| PROBLEM TO WORK ON |
Output the entries below unchanged, except for the pictures.

Dataset records:
⟨

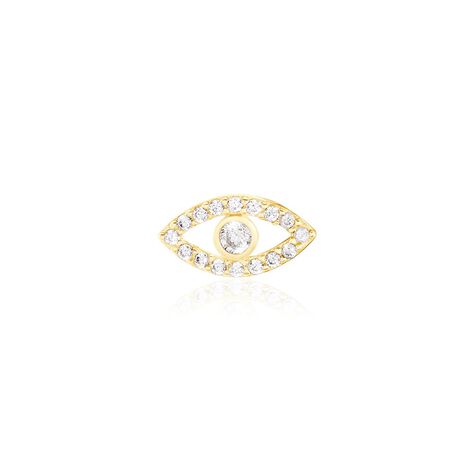 Boucles D'oreille Puce Unitaire Oya Or Jaune Oxyde De Zirconium - Clous d'oreilles Famille | Histoire d’Or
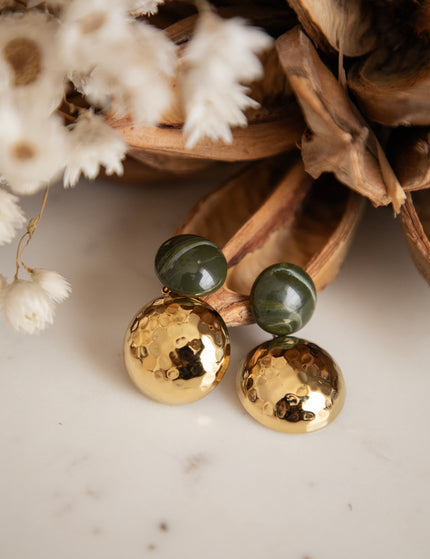 Marbelous Dark Green/Gold - Oorbellen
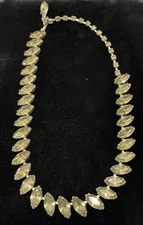 VINTAGE FENICHEL SPARKLING SMOKY Gray “DIAMOND” RHINESTONE NECKLACE Choker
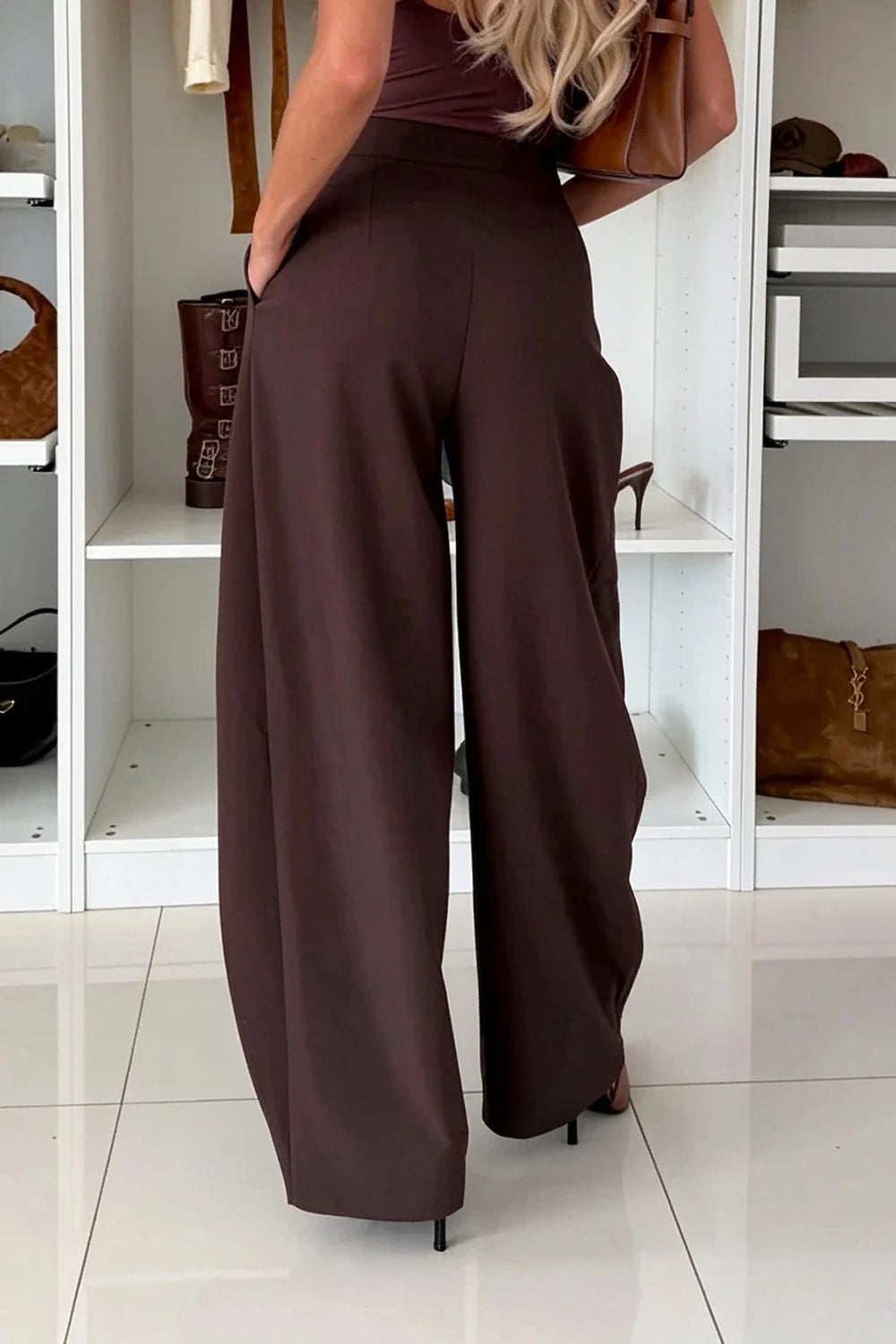 Vintage High-Waisted Wide-Leg Suit Trousers with Asymmetrical Button Cross Placket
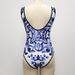 Women's U Neck Backless One Piece Swimsuit Fashion Printed Wire Free Chest Pad Regular Size_ecoleips.com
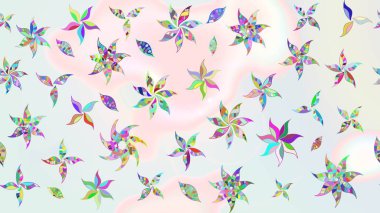 Raster floral pattern in doodle style with flowers. Gentle, summer floral on neutral and beige colors. Raster illustration.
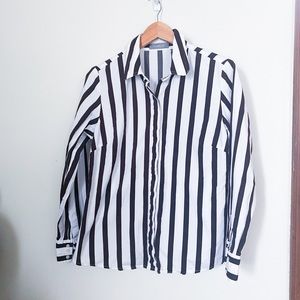 90’s striped button-up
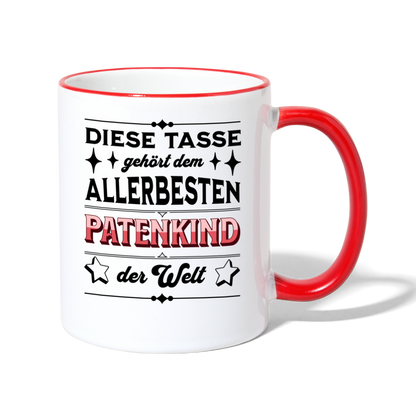 Tasse "Diese Tasse gehört dem besten Patenkind der Welt" - Weiß/Rot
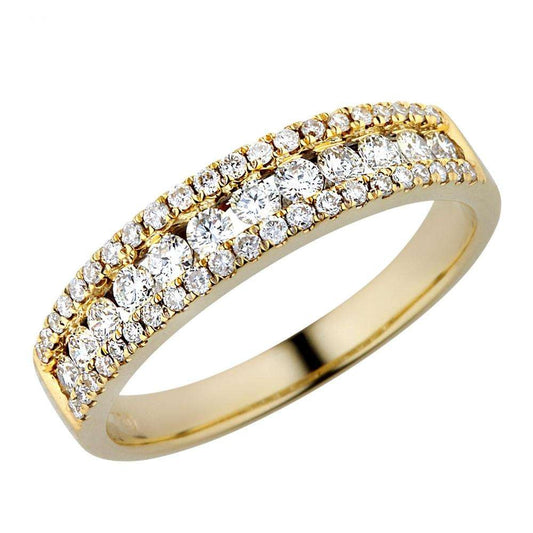 18K massief witgoud, trouwring met labradordiamant, klassieke jubileumring voor vrouwen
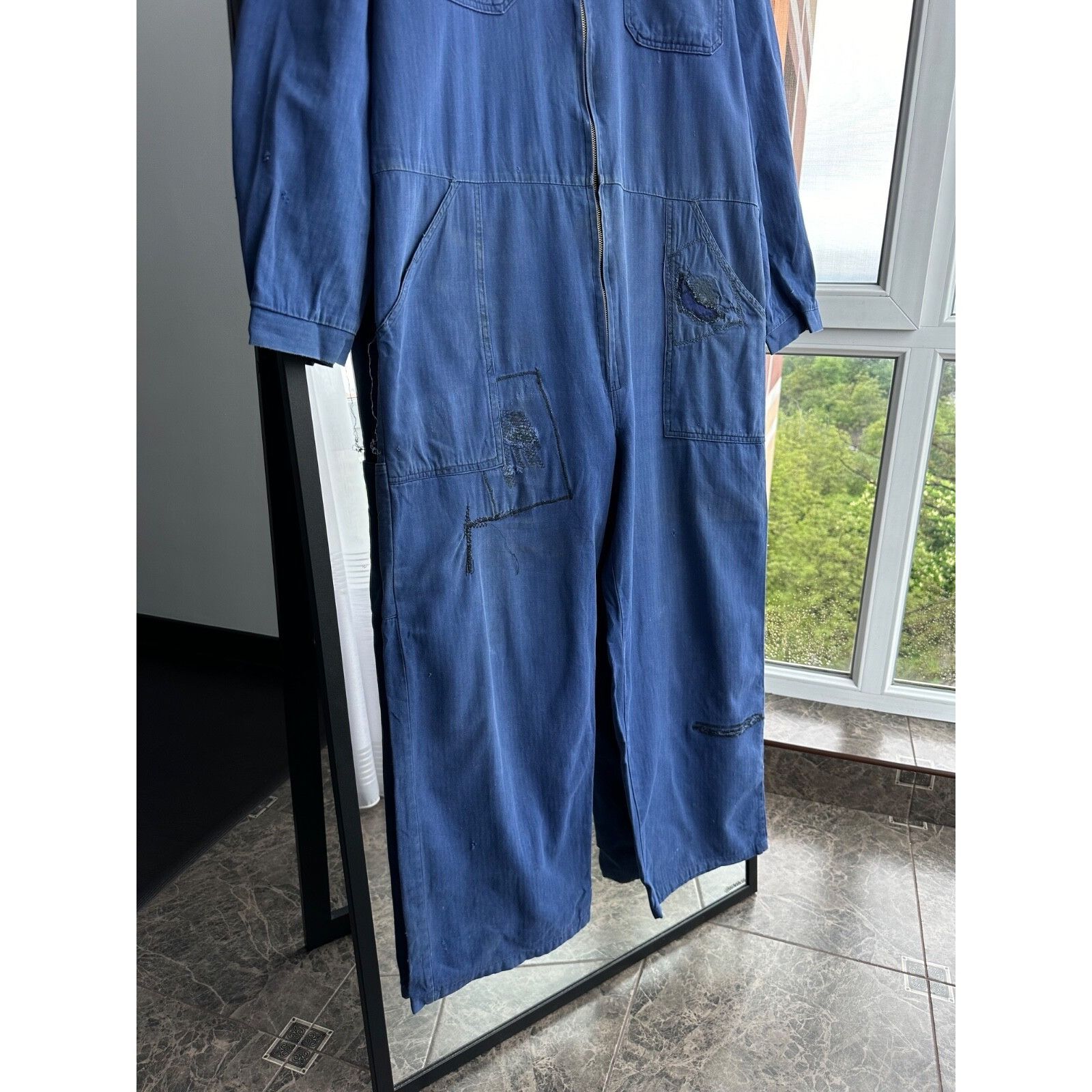 Vintage VTG Sanfor 70s French Workwear Distressed Jumpsuit Overall Size US 36 / EU 52 - 10 Thumbnail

⟩

| SOLVED PROBLEM |
 Boucles D'oreille Puce Unitaire Oya Or Jaune Oxyde De Zirconium - Clous d'oreilles Famille | Histoire d’Or
 Marbelous Dark Green/Gold - Oorbellen
 VINTAGE FENICHEL SPARKLING SMOKY Gray “DIAMOND” RHINESTONE NECKLACE Choker
 Vintage High-Waisted Wide-Leg Suit Trousers with Asymmetrical Button Cross Placket
 Women's U Neck Backless One Piece Swimsuit Fashion Printed Wire Free Chest Pad Regular Size_ecoleips.com
 Raster floral pattern in doodle style with flowers. Gentle, summer floral on neutral and beige colors. Raster illustration.
 90’s striped button-up
 Tasse "Diese Tasse gehört dem besten Patenkind der Welt" - Weiß/Rot
 18K massief witgoud, trouwring met labradordiamant, klassieke jubileumring voor vrouwen
 Vintage VTG Sanfor 70s French Workwear Distressed Jumpsuit Overall Size US 36 / EU 52 - 10 Thumbnail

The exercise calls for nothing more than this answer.